Changed camera perspective high above the central symmetry axis

In a second experiment I placed the camera above the central axis at quite a distance away from the half-sphere and relatively high in z-direction. A yellow and somewhat extended light source has been added to get one more reflection pattern.

We clearly see the expected ring like structures due to multiple reflections at the upper edge of the half sphere. It seems that the basic optics works well in Blender. Something which is unrealistic in the images I create is the lossless reflection; in reality reflective patterns would get a bit weaker in intensity with every reflection.

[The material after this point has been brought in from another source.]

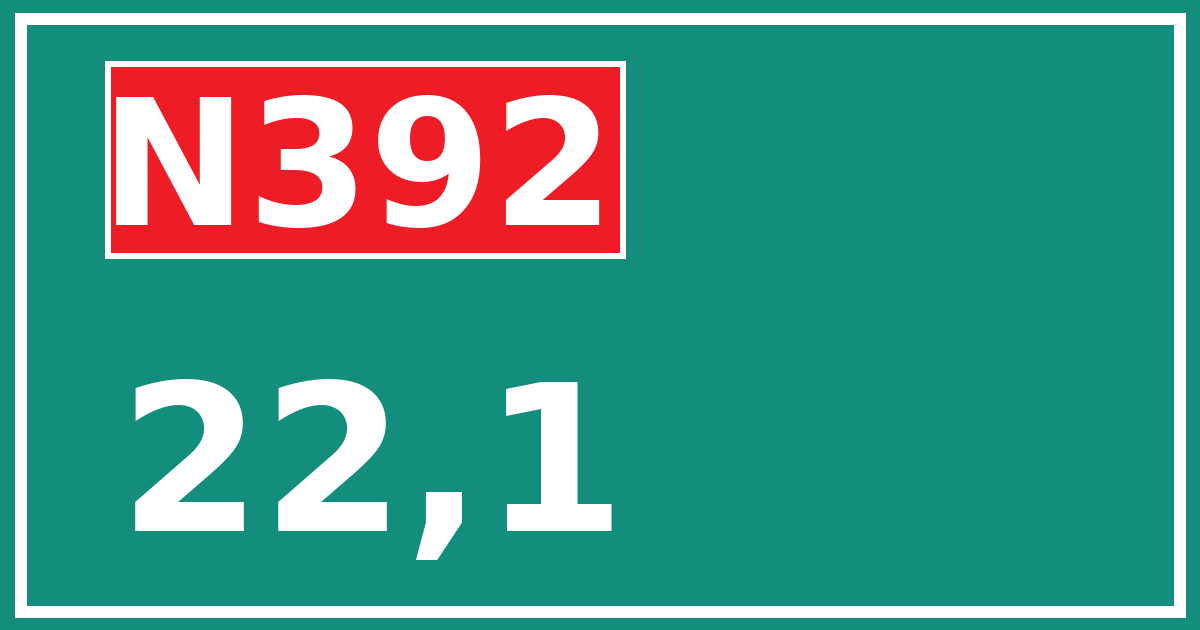 Hectometerbord N392 22,1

Camera perspective from a position on the central symmetry axis

If we put the camera down to the central axis, the green sphere to the same height and switch off the yellow light sources we get the following result:

A bit off the symmetry axis

Let us eventually get the camera a bit offside the symmetry axis and move the green sphere into a position closer to, but not onto the main axis. Then we get the following picture:

Conclusion

As we expected after our experience with the S-curve we get interesting reflection patterns from a mirroring half-sphere. We showed that Blender reproduces a pattern where a figure seems to grow out of the half-sphere when we move an elongated body into the sphere along the main symmetry axis. We also saw a strong dependency of the reflection patterns on the position of the camera. So, all is well prepared for more experiments.
And, again, a basic lesson is: Some things appear bigger than they are, because we look at a bloated image instead of the real thing. If only things were that easy in politics, too.

Ceterum censeo: The worst living fascist and war criminal today, who must be isolated, denazified and imprisoned, is the Putler.